[Requirement]:
Starting at the line that contains "Nylabone Power Chew", copy every line through the end of the records below exactly as written, leaving out pictures.

[Image-caption web data]
=== Begin Enclosure ===
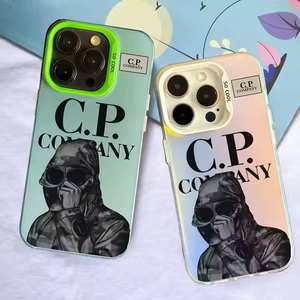 Coque CP Company <span class=keywords><strong>Mask</strong></span> เคสโทรศัพท์แฟชั่นสำหรับผู้ชายสีสันสดใสกันกระแทกฝาครอบโทรศัพท์สำหรับ iPhone 16 15 14 PRO MAX 13 12 MINI 17 PROMAX - Product Image 1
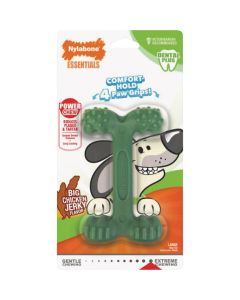 Nylabone Power Chew Comfort-Hold Large Chicken Jerky Dental Chew Toy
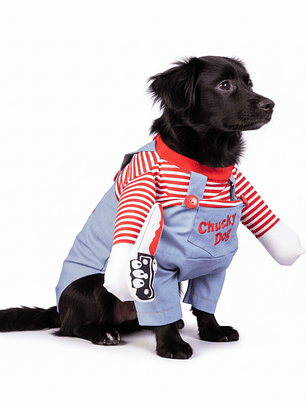 Disfraz para Mascota Perro Chucky 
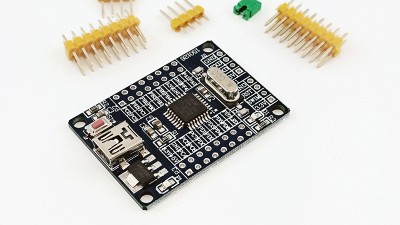 STM8 плата на базі STM8S105K4T6 (10698)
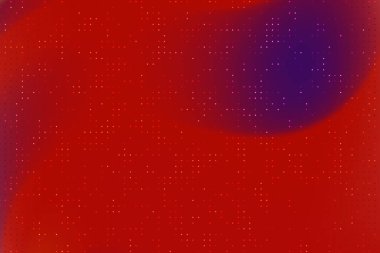 Yaratıcı tasarımlar için ince noktalı dokusu olan soyut kırmızı ve mor gradyan arkaplan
=== End Enclosure ===
[Answer section]:
 Nylabone Power Chew Comfort-Hold Large Chicken Jerky Dental Chew Toy
 Disfraz para Mascota Perro Chucky 
 STM8 плата на базі STM8S105K4T6 (10698)
 Yaratıcı tasarımlar için ince noktalı dokusu olan soyut kırmızı ve mor gradyan arkaplan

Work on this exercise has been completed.